**** Data to use ****

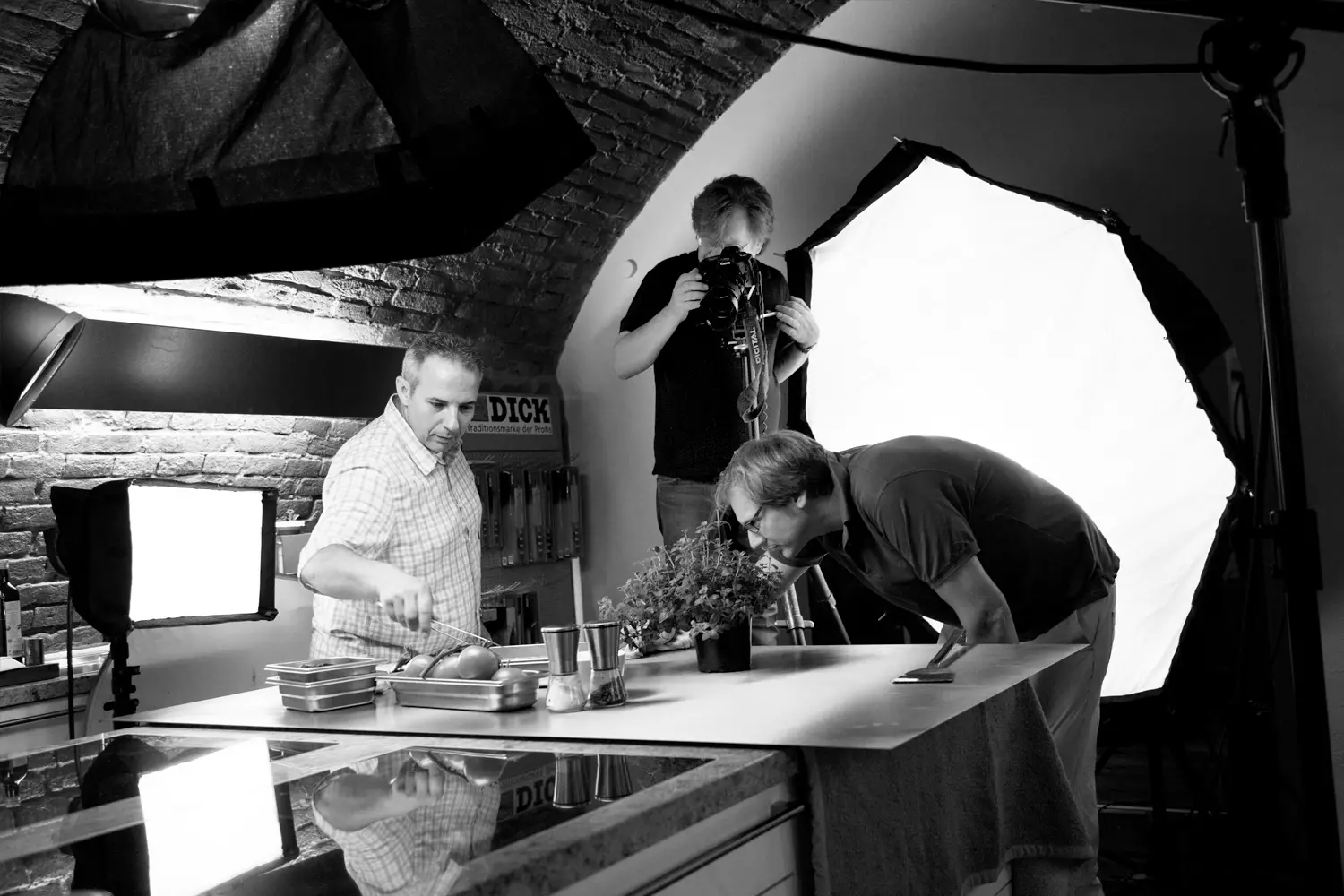 Foodstyling an der Arbeitsfläche; Koch bereitet Gericht vor - Speyer, DE (Saga/Metsä)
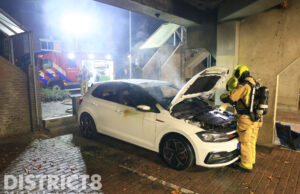 Geparkeerde auto in brand gestoken onder portiekwoningen Parkdreef Zoetermeer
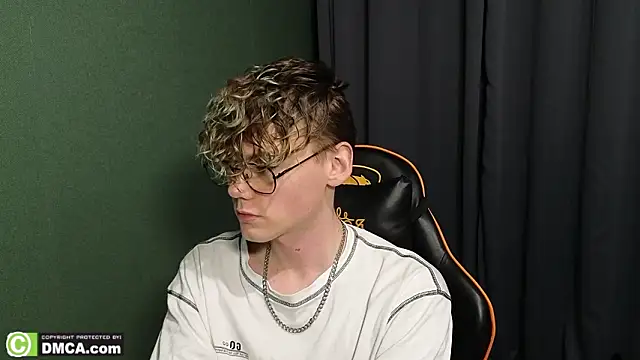 Snapshot of Keytaro chatting on 02.20.26 Keytaro online show from 02.20.26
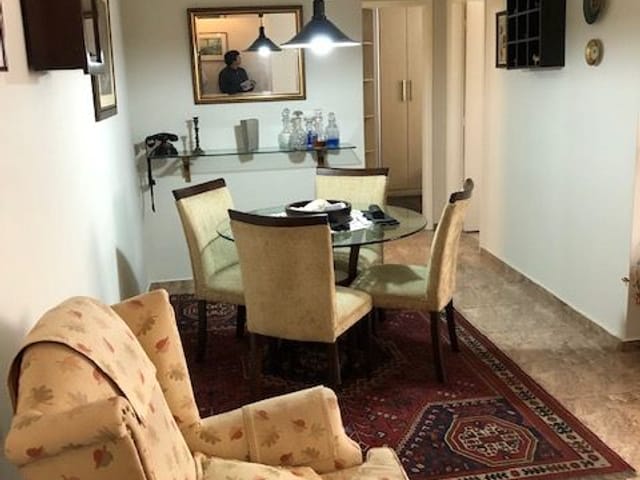 Foto do Apartamento - APARTAMENTO DE 2 DORMITÓRIOS GRANDES, SUPER REFORMADO, SEMIMOBILIADO E BEM LOCALIZADO, À VENDA, NO TATUAPÉ, À 800m DA ESTAÇÃO CARRÃO DO METRÔ. | Unique Imóveis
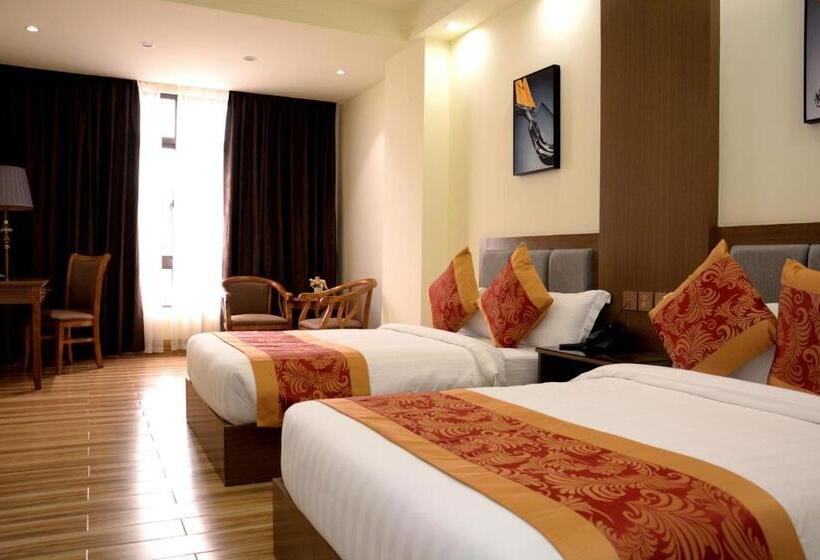 اتاق لوکس, Tugos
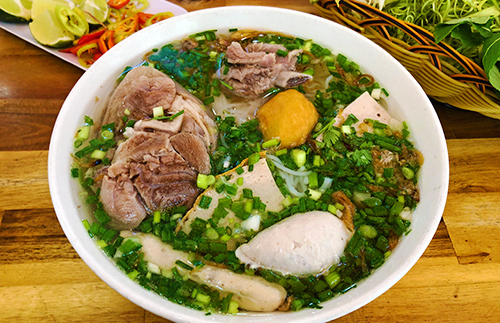 Tô bún mọc hơn 80.000 đồng ở trung tâm Sài Gòn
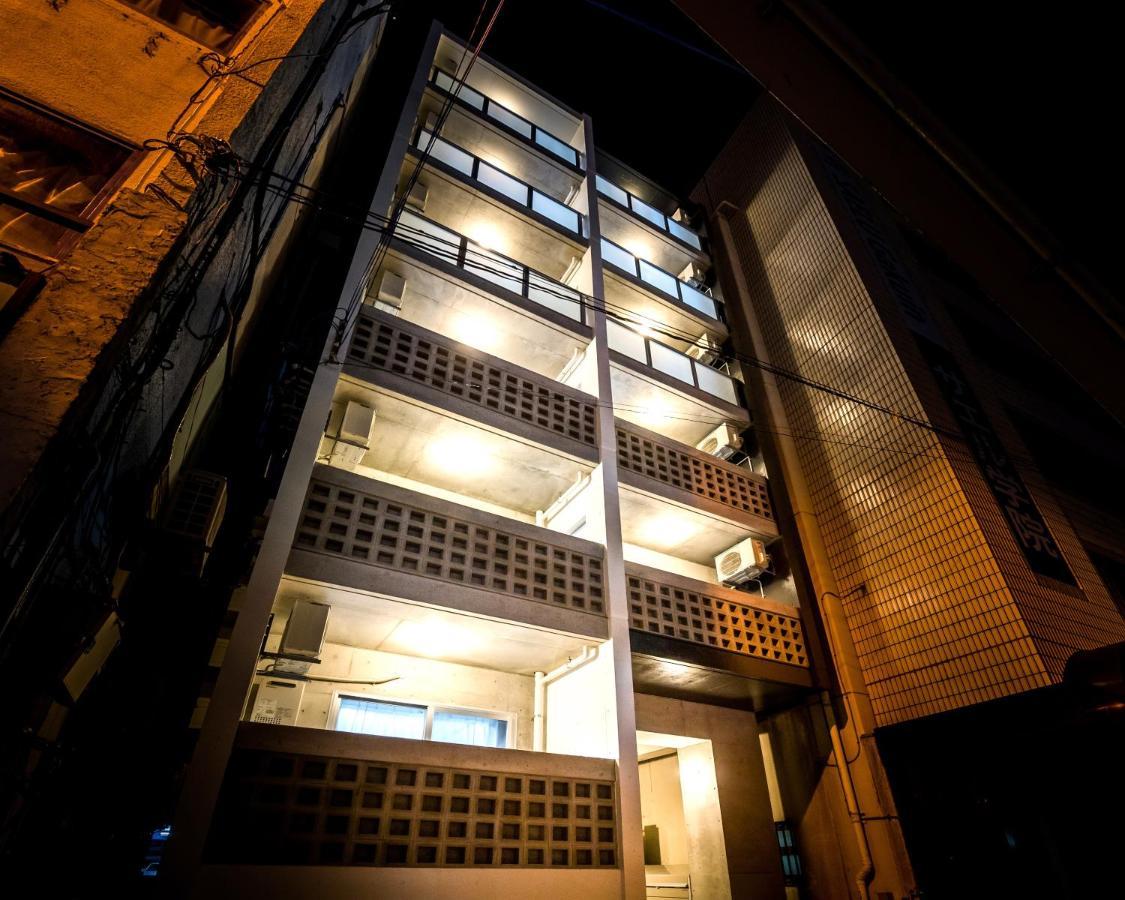 Little Island Okinawa Tomari Aparthotel Buitenkant foto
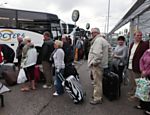 Passageiros esperam por ônibus em aeroporto da Escócia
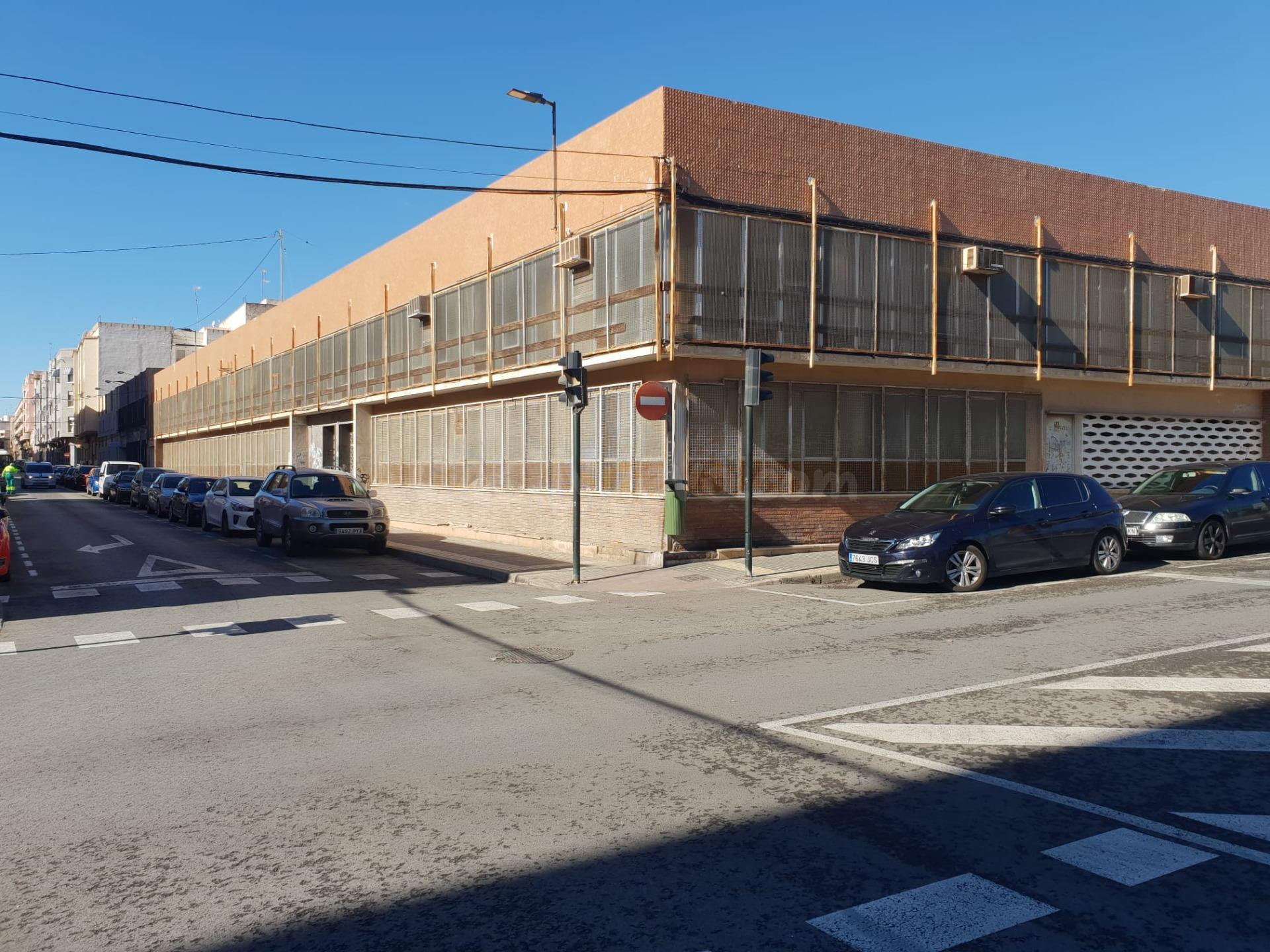Nave industrial en Elche zona Carrus, 1730 m2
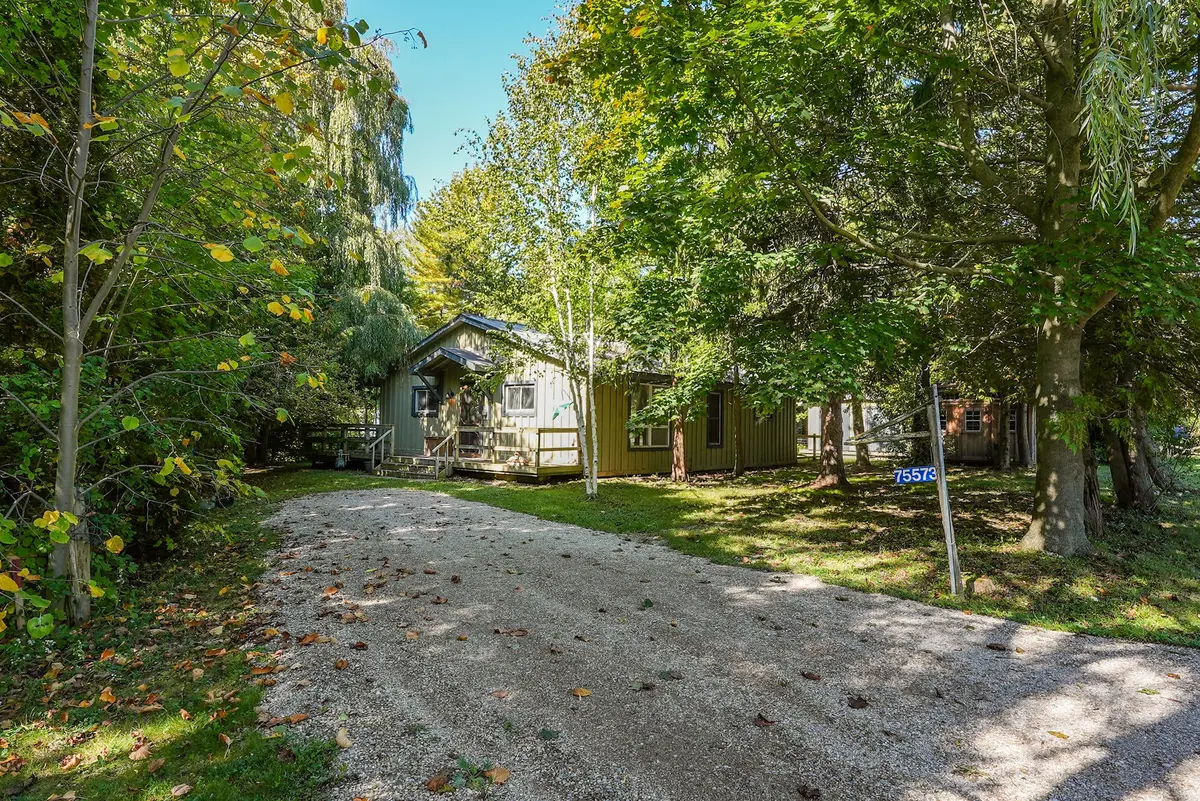 75573 Elliott ST, Bluewater, ON N0M 1G0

****

> [Exercise prompt]: Give back exactly the lines from the line with "Tô bún mọc hơn" through the end of the material above, inclusive, with no pictures.

> [Completed exercise]:
 Tô bún mọc hơn 80.000 đồng ở trung tâm Sài Gòn
 Little Island Okinawa Tomari Aparthotel Buitenkant foto
 Passageiros esperam por ônibus em aeroporto da Escócia
Nave industrial en Elche zona Carrus, 1730 m2
 75573 Elliott ST, Bluewater, ON N0M 1G0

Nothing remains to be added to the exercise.